== Exercise input ==
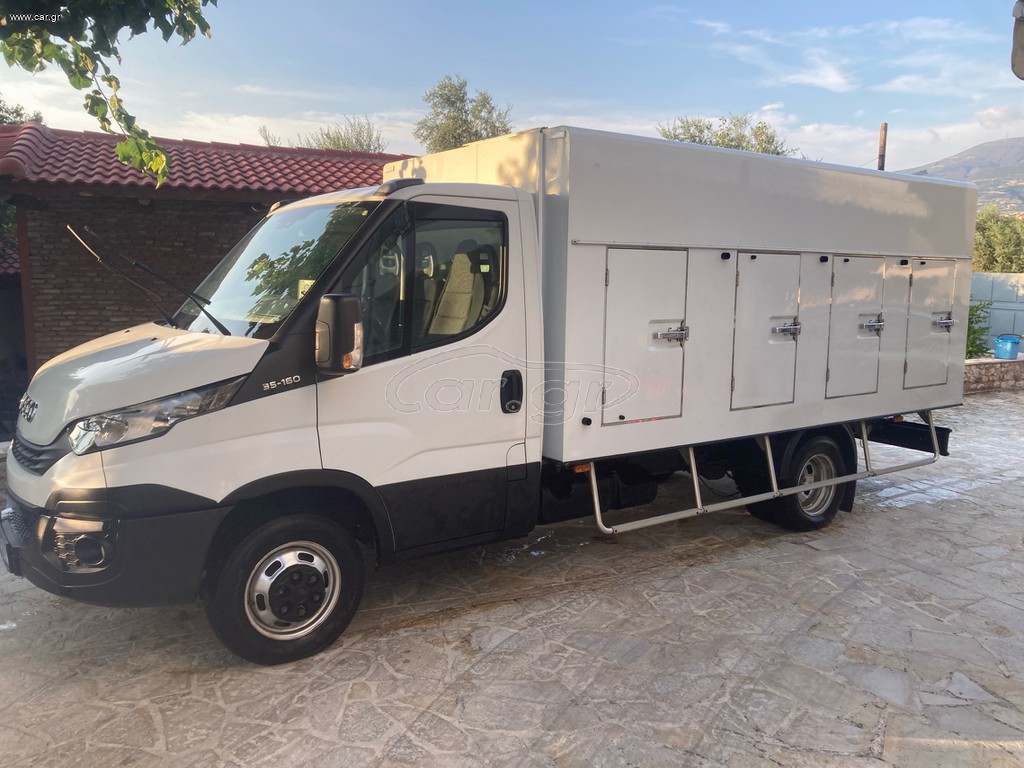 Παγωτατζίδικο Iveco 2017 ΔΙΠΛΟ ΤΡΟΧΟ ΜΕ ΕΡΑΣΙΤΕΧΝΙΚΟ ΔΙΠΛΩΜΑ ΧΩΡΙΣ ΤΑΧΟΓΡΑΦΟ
===
== Exercise input ==
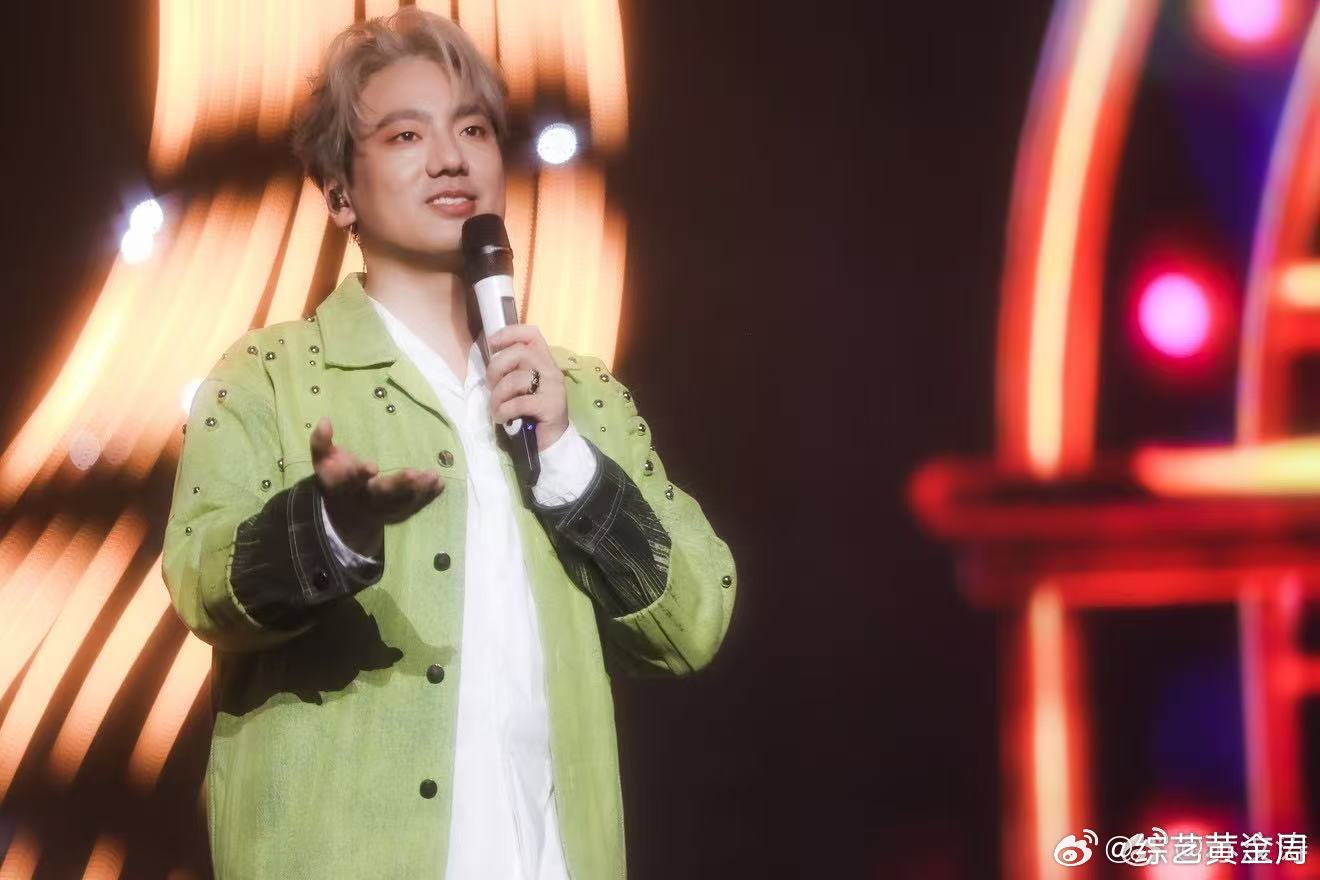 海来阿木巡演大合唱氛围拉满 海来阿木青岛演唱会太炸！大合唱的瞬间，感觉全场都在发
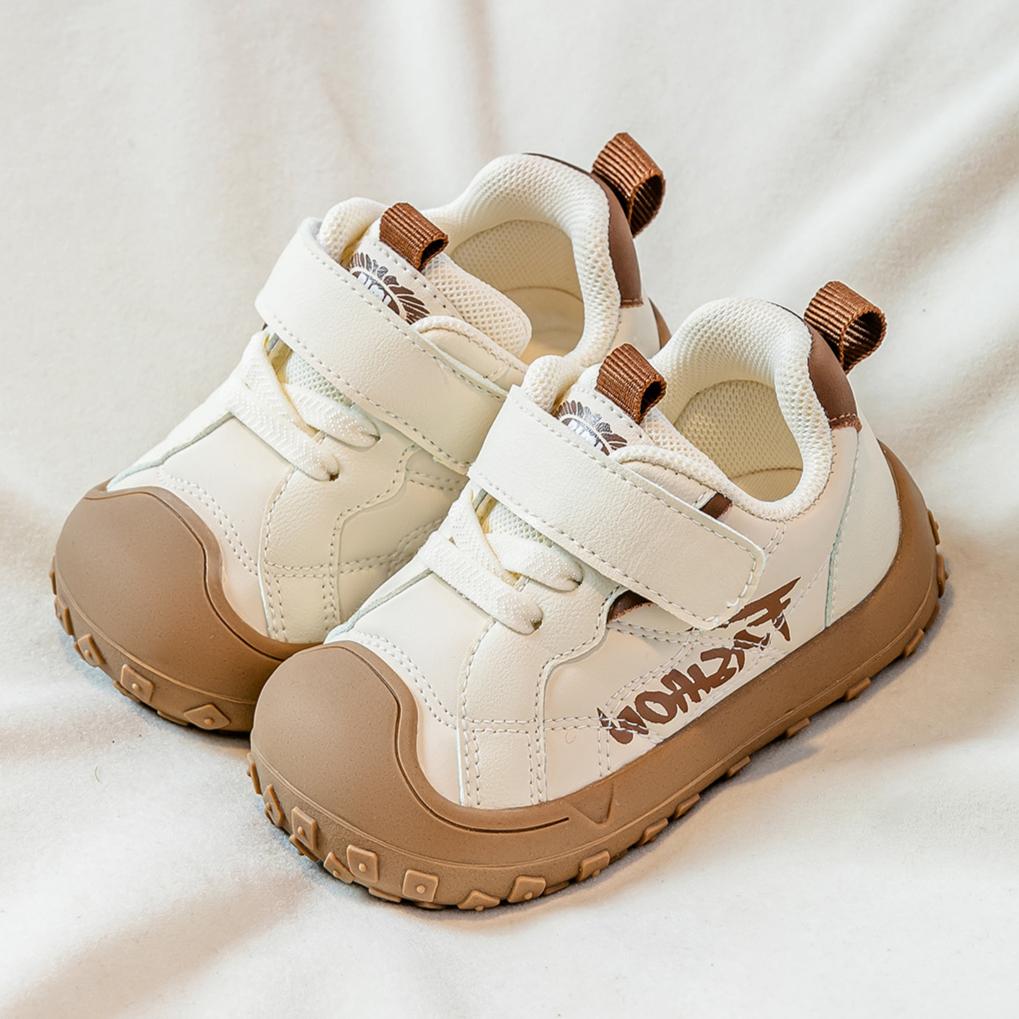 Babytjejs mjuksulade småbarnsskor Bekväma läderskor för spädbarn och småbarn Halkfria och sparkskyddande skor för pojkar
===
## Goal of the exercise
With the pictures left out, write out exactly the lines above from the one containing "海来阿木巡演大合唱氛围拉满 海来阿木青岛" through the one containing "Babytjejs mjuksulade småbarnsskor".

## Finished task
 海来阿木巡演大合唱氛围拉满 海来阿木青岛演唱会太炸！大合唱的瞬间，感觉全场都在发
 Babytjejs mjuksulade småbarnsskor Bekväma läderskor för spädbarn och småbarn Halkfria och sparkskyddande skor för pojkar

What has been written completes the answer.